- Tesseract is a free OCR library, offering some of the best results going.
- It has 2 different engines within it. The ‘legacy’ engine, and a modern ‘LSTM’ (Neural Net based) engine.
- The legacy engine is trained on specific fonts, and can guess at what font something is. It’s also good at identifying specific character positions, and does not rely on/gain from “context” to spot words.
- The LSTM engine is faster (I think), uses smaller data sets, copes better with fonts it has not been trained on, and gains extra benefits from “context”.
- It uses ‘traineddata’ files for each language (or multiple languages that use the same script) - these are specific to the engine.
- We can specify the engine (-dOCREngine=) and language files (-sOCRLanguage=“eng”) at runtime.
- There are different sets of data out there. For LSTM we have “best” and “fast”. “best” ones are ~25Meg per language. “fast” ones are ~2Meg per language. A full set of “best” data for all the languages is 1.2Gig.
- I envisage an OEM having either “eng” (just english), or “latin” (all the languages that use latin script - 80Meg) built in, and maybe having others available to it as extensions (perhaps as a USB key that people can plug into their printer).
- We have 5 devices within gs that work with ocr:
- ocr: simple text extraction
- hocr: “HOCR” format (XML based text extraction with positions for each char).

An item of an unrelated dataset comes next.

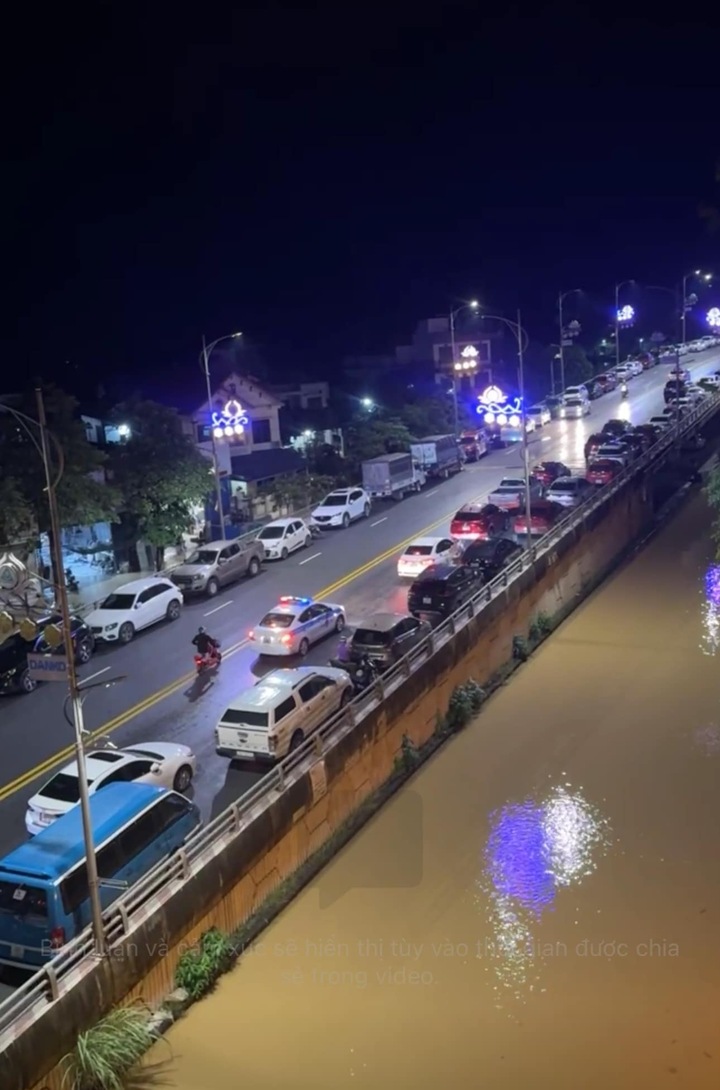 Người dân phải cố di chuyển xe lên vị trí cao nhất của cầu để tránh lũ.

- pdfocr8: outputs PDFs as greyscale images, with overlaid invisible OCR text for cut/paste/searching
- pdfocr24: outputs PDFs as rgb images, with overlaid invisible OCR text for cut/paste/searching
- pdfocr32: outputs PDFs as cmyk images, with overlaid invisible OCR text for cut/paste/searching
- Adding tesseract with inbuilt “fast” English support adds about 5.6Meg to the ARM binary size. (4.5 Meg library, 1.1 Meg compressed “eng” data).
- OCR speeds depend on resolution and density of text. zlib.3.pdf (a typical 2 page text document) at 200 dpi page of text takes about 28 seconds on my pi 3b+, and 7.5 seconds on my desktop PC.
- This engine is a good choice for when we are processing entire pages at a time.